This code is a MATLAB script that can be used to calculate Greenwich Sidereal Time, Local Sidereal Time, Julian Day

clc;
clear all;

Input:

Date, April 11,2013, UT time 20:11:30, Longitude [deg]

Output:

Julian day(JD), Greenwich sidereal time(GST), Local sidereal time(LST)

year  = 2013;  month = 4;  day   = 11;
hour  = 20;    min   = 11; sec   = 30;
long  = -73.99;

Julian day

UT = hour + min/60 + sec/3600;
J0 = 367*year - floor(7/4*(year + floor((month+9)/12))) ...
    + floor(275*month/9) + day + 1721013.5;
JD = J0 + UT/24;              % Julian Day
fprintf('Julian day = %6.4f [days] \n',JD);
Julian day = 2456394.3413 [days]

JC is Julian centuries between the Julian day J0 and J2000(2,451,545.0) Greenwich sidereal time at 0 hr UT can be calculated by this equation [Seidelmann,1992]

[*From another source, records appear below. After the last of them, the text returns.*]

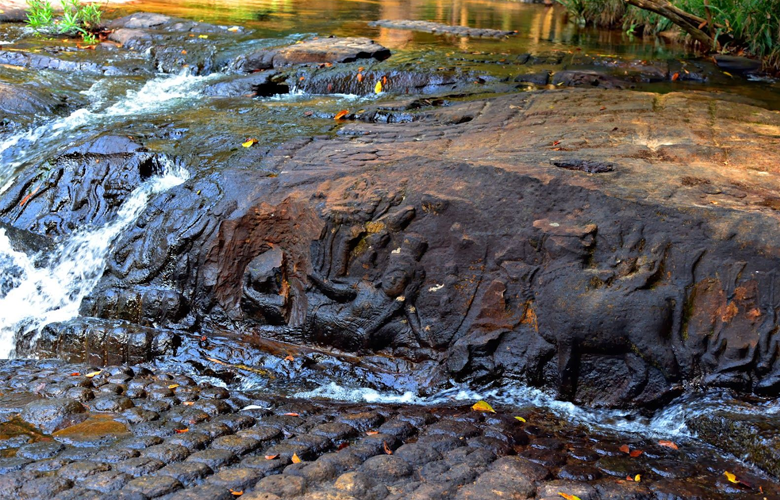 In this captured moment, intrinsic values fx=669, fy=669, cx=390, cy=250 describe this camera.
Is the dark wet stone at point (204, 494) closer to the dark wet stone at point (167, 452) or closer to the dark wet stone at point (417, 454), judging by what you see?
the dark wet stone at point (167, 452)

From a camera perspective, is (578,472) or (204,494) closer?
→ (204,494)

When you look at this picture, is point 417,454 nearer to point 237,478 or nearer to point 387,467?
point 387,467

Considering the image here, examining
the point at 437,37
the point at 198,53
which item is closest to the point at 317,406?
the point at 198,53

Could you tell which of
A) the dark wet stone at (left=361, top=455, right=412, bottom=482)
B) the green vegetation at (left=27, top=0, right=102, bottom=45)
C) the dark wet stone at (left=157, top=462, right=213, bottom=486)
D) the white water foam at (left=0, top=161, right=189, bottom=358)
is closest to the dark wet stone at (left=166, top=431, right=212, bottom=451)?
the dark wet stone at (left=157, top=462, right=213, bottom=486)

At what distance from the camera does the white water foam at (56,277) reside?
4664mm

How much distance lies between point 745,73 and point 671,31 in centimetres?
415

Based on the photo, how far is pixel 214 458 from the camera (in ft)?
9.00

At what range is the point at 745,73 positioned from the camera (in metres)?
8.65

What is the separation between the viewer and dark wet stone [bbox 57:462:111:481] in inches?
101

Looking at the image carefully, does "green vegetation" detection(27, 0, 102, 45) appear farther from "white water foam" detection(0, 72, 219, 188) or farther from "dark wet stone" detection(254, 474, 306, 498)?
"dark wet stone" detection(254, 474, 306, 498)

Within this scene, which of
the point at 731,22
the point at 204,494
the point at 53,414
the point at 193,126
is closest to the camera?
the point at 204,494

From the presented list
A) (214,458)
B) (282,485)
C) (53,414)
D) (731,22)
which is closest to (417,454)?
(282,485)

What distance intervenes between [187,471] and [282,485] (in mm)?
395

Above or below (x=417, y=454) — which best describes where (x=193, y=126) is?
above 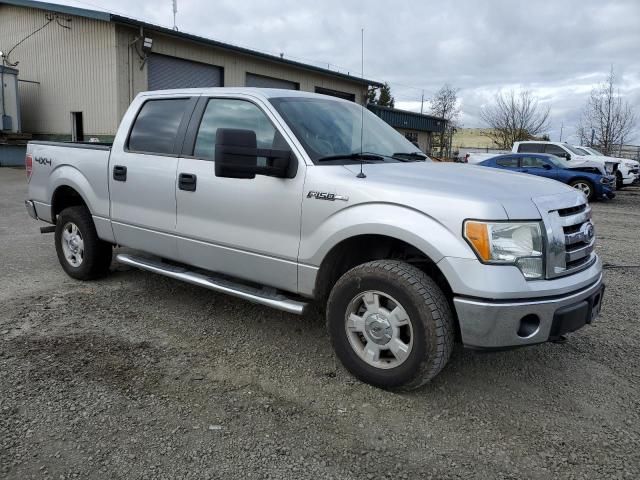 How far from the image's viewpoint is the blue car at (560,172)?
15.9 meters

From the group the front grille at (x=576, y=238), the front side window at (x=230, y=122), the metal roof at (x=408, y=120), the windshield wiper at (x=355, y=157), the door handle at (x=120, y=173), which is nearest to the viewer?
the front grille at (x=576, y=238)

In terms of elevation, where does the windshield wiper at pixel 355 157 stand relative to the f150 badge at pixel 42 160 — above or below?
above

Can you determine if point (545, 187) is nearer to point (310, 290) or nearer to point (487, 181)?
point (487, 181)

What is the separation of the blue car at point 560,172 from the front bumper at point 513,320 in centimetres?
1338

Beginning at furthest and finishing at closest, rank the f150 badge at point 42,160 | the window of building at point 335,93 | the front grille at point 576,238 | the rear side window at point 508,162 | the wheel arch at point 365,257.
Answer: the window of building at point 335,93
the rear side window at point 508,162
the f150 badge at point 42,160
the wheel arch at point 365,257
the front grille at point 576,238

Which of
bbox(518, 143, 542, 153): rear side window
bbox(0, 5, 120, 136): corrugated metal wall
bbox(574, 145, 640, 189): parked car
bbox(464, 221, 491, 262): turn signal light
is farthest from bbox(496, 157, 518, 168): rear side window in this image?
bbox(464, 221, 491, 262): turn signal light

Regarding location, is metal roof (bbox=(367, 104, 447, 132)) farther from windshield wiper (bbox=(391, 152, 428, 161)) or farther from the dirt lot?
the dirt lot

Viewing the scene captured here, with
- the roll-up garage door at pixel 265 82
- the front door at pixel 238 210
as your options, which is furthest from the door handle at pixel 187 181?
the roll-up garage door at pixel 265 82

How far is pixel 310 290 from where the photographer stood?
12.3 feet

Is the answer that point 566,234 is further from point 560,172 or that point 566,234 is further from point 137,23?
point 137,23

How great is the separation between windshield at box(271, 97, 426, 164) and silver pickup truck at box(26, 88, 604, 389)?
2cm

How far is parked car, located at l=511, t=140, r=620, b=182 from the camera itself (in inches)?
720

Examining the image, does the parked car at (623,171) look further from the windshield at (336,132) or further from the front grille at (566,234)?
the front grille at (566,234)

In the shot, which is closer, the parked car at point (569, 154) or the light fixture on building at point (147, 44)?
the light fixture on building at point (147, 44) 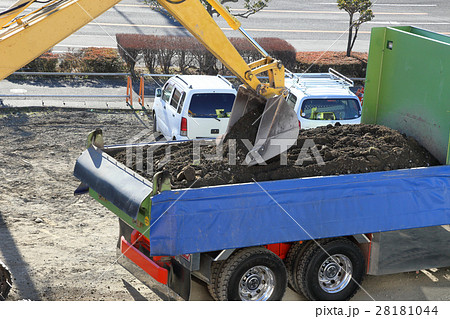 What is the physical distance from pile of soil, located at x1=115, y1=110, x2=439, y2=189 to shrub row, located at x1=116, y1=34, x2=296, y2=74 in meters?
10.8

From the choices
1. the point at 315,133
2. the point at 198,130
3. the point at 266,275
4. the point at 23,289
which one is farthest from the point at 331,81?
the point at 23,289

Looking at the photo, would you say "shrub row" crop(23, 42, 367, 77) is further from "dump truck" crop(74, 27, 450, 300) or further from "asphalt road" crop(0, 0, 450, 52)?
"dump truck" crop(74, 27, 450, 300)

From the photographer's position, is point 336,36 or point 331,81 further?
point 336,36

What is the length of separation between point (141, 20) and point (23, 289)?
1898 centimetres

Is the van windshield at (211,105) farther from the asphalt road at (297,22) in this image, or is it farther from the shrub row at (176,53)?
the asphalt road at (297,22)

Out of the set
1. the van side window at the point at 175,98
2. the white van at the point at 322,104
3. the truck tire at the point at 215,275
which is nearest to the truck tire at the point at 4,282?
the truck tire at the point at 215,275

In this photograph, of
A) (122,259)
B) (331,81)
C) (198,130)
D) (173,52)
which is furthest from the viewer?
(173,52)

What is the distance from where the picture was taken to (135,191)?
300 inches

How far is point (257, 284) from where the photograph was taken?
27.1ft

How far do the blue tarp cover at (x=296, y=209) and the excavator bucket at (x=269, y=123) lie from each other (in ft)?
3.55

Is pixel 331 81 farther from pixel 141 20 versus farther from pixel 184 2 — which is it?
pixel 141 20

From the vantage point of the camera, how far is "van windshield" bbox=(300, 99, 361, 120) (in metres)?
13.5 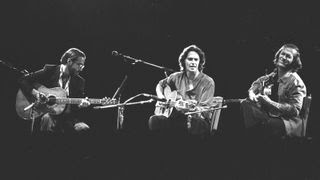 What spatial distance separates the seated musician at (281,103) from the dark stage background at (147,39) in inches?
33.0

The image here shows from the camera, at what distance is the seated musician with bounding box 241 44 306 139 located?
4945mm

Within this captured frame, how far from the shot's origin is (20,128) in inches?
233

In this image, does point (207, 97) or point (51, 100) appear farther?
point (51, 100)

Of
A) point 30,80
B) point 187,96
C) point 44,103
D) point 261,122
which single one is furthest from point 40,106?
point 261,122

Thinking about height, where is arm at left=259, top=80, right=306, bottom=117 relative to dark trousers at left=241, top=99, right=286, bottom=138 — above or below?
above

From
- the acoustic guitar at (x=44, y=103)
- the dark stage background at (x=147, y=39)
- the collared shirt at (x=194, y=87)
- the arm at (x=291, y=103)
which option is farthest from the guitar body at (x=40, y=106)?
the arm at (x=291, y=103)

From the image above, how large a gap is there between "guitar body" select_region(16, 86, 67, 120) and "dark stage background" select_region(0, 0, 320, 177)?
1.34 ft

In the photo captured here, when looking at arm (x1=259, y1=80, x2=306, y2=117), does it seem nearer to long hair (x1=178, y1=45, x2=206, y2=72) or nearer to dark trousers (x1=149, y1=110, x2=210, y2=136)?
dark trousers (x1=149, y1=110, x2=210, y2=136)

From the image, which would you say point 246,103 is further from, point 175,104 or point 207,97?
point 175,104

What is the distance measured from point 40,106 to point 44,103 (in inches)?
2.3

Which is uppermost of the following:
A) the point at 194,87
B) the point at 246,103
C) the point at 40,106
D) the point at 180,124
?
the point at 194,87

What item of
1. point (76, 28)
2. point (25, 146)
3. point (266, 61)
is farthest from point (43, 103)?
point (266, 61)

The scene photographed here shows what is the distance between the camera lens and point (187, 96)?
5477mm

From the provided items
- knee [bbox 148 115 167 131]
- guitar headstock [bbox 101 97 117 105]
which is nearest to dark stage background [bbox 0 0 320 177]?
guitar headstock [bbox 101 97 117 105] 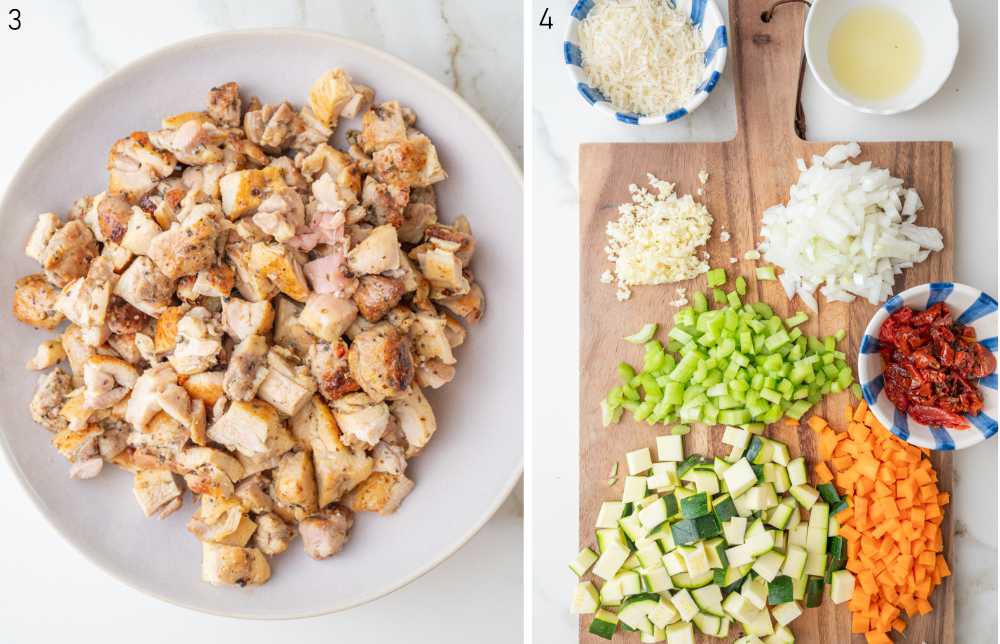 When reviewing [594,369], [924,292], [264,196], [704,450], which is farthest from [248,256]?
[924,292]

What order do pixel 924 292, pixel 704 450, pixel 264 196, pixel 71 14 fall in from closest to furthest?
pixel 924 292
pixel 704 450
pixel 264 196
pixel 71 14

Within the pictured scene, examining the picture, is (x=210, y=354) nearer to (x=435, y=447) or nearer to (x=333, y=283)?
(x=333, y=283)

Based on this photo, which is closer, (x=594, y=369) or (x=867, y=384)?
(x=867, y=384)

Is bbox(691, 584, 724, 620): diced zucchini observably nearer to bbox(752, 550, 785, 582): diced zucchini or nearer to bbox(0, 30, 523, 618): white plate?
bbox(752, 550, 785, 582): diced zucchini

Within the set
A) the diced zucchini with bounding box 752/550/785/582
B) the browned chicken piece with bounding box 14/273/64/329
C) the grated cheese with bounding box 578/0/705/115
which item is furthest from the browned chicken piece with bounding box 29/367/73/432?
the diced zucchini with bounding box 752/550/785/582

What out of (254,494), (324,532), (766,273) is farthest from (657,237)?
(254,494)

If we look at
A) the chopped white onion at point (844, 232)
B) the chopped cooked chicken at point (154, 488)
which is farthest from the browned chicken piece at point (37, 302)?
the chopped white onion at point (844, 232)

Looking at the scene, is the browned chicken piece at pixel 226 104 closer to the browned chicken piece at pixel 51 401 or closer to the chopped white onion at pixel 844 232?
the browned chicken piece at pixel 51 401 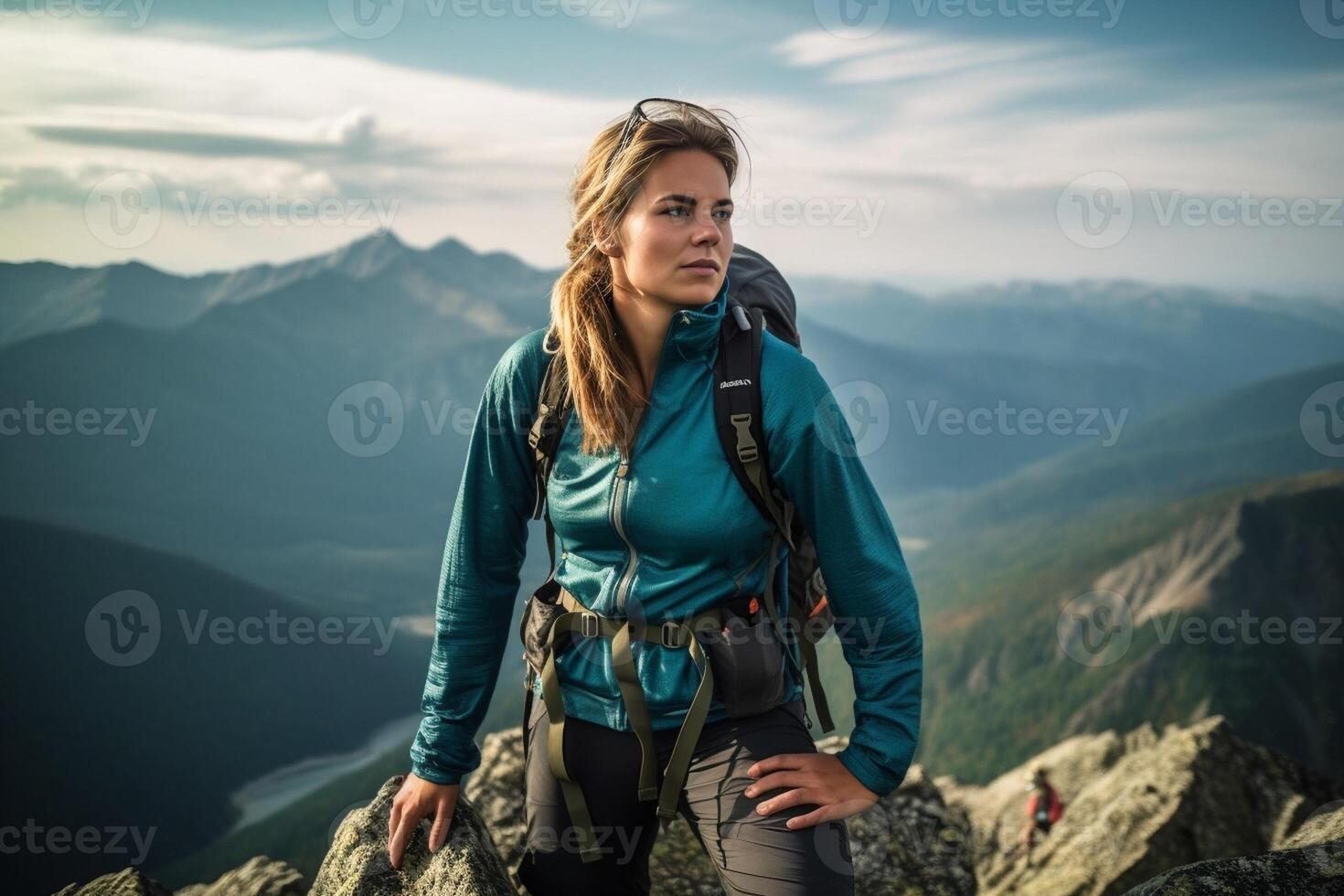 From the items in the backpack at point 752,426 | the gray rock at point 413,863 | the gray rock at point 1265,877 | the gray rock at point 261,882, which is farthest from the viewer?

JC = (J0 - 2451545.0)/36525;
GST0 = 100.4606184 + 36000.77004*JC + 0.000387933*JC^2 - 2.583e-8*JC^3; %[deg]
GST0 = mod(GST0, 360);  % GST0 range [0..360]
fprintf('Greenwich sidereal time at 0 hr UT %6.4f [deg]\n',GST0);
Greenwich sidereal time at 0 hr UT 199.3719 [deg]

Greenwich sidereal time at any other UT time

GST = GST0 + 360.98564724*UT/24;
GST = mod(GST, 360);  % GST0 range [0..360]
fprintf('Greenwich sidereal time at UT[hours] %6.4f [deg]\n',GST);
Greenwich sidereal time at UT[hours] 143.0761 [deg]

Local sidereal time (LST)

LST = GST + long;
LST = mod(LST, 360);  % LST range [0..360]
fprintf('Local sidereal time,LST %6.4f [deg]\n',LST);
Local sidereal time,LST 69.0861 [deg]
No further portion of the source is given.